Yes, because you are lost and don’t know a thing about depression or mental illness.

So as you are here straightening me out, being angry and chewing me out, how do you feel?

A lot better!

Why do you think that is?

Because you are listening to me and I think I am changing your mind.

I still believe you are choosing your behavior and you’re not changing my mind. As a matter of fact, you are convincing me more that you are healthier than you are letting on.

Why do you say that?

Well when you are focusing your attention on me, you feel better!

Yes but I’m still feeling depressed.

Not when you are angering at me your not.

What kind of counselor says that, “angering”? I’m not fucking angering. I’m angry at you, because you’re such a useless fucking counselor.

Yes and one you can’t control. How many other people in your life do you try to control?

Fuck you! I don’t have to answer your questions!

You’re right, you don’t and that’s your choice.

I’m angry all the fucking time okay? I fucking hate my parents, they’re dead but I hate them, and I hate my boss at work and I hate my fucking wife and my fucking kids for being with my fucking wife, I hate my fucking shrink and fucking hate you too.

Well that’s sad, how do you feel about yourself?

Another fucking dumb question!

Yes I know, I ask a lot of dumb question, but I’m interested! Interested in you and how you feel about you!

Fuck this is a waste of fucking time. You are never going to get my illness, you’re too fucking stupid.

True, but how do you feel about yourself?

You just want me to say I hate myself too, right? That’s what you want me to say.

I want you to tell me the truth, what do you feel about you?

I love myself Doctor fucking Freud, alright?

Great. Tell me the truth then about what you love about yourself. I never met a person I haven’t grown to love that I have worked with. You may be the first but I want to like you.

FUCK OFF! I know exactly what you’re trying to do!

What’s that?

Try to be my fucking friend!

How many friend in your life do you have?

FUCK OFF!

I thought you’d say that!

You a fucking mind reader now?

No I don’t have to be a mind reader to predict what you are going to do. It’s pretty clear!

What’s that?

Well when you leave here you will beat yourself up for not giving your self a chance!

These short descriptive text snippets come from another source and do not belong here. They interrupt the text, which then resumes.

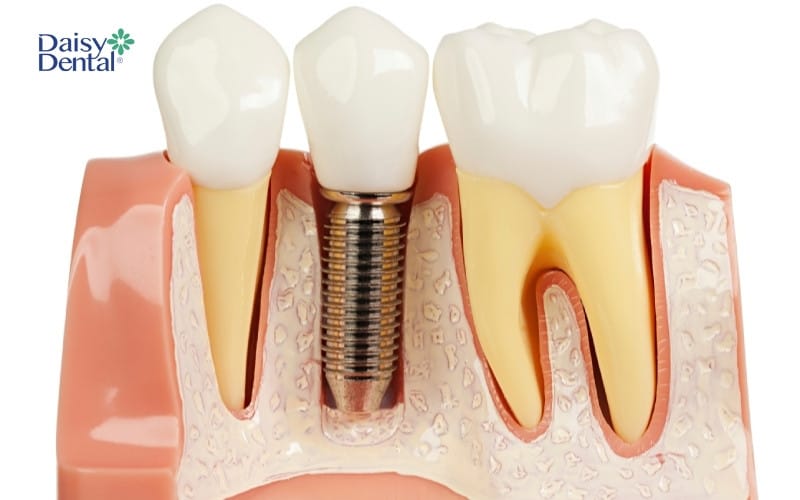 Mô hình răng Implant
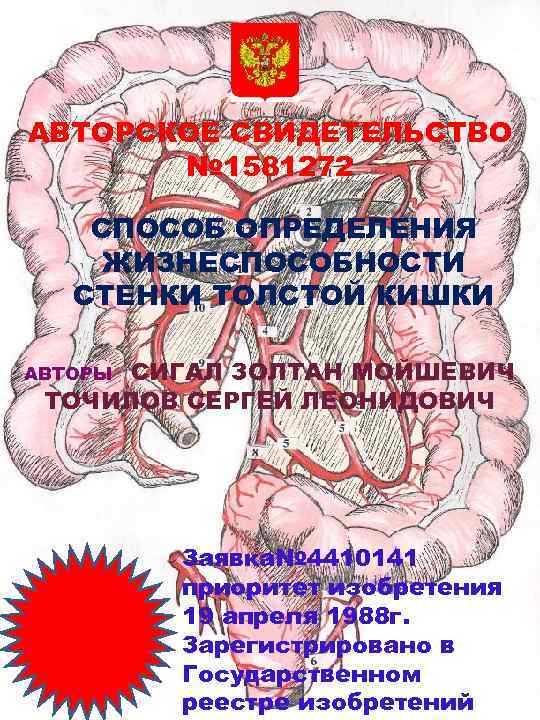 АВТОРСКОЕ СВИДЕТЕЛЬСТВО № 1581272 СПОСОБ ОПРЕДЕЛЕНИЯ ЖИЗНЕСПОСОБНОСТИ СТЕНКИ ТОЛСТОЙ КИШКИ СИГАЛ ЗОЛТАН МОЙШЕВИЧ ТОЧИЛОВ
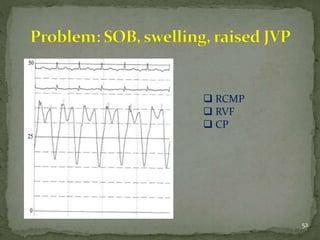 Mrf Rcpm interpretation of hemodynamic data | PPTX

At this point there was a strong stillness in the room and everything seemed to be in a deep silence. Then tears began to flow and the man fell off his chair onto his knees. There was a deep wrenching agony or cry and the words, muffled by tears, cried out, “Sorry sorry sorry, please help me – sorry”. I asked for his permission to touch him. All he could do was nod his head. I slowly rubbed his back until he was able to sit back up in the chair.

I haven’t cried like that in years!

Yes sir. How do you feel?

A lot better, like a load has been lifted.

Yes sir, it has

Can I come again!

Of course

I’m sorry for….

There is no need sir! First we think something, then we believe it to be true. In order to be free of the burden of the past we must let go of the present. Only then in freedom can we perceive the false. We can’t self evaluate sir if we are not willing to let go of our prejudice.

I don’t know what happened but I have opened something.

Yes sir, in every death there is an opening.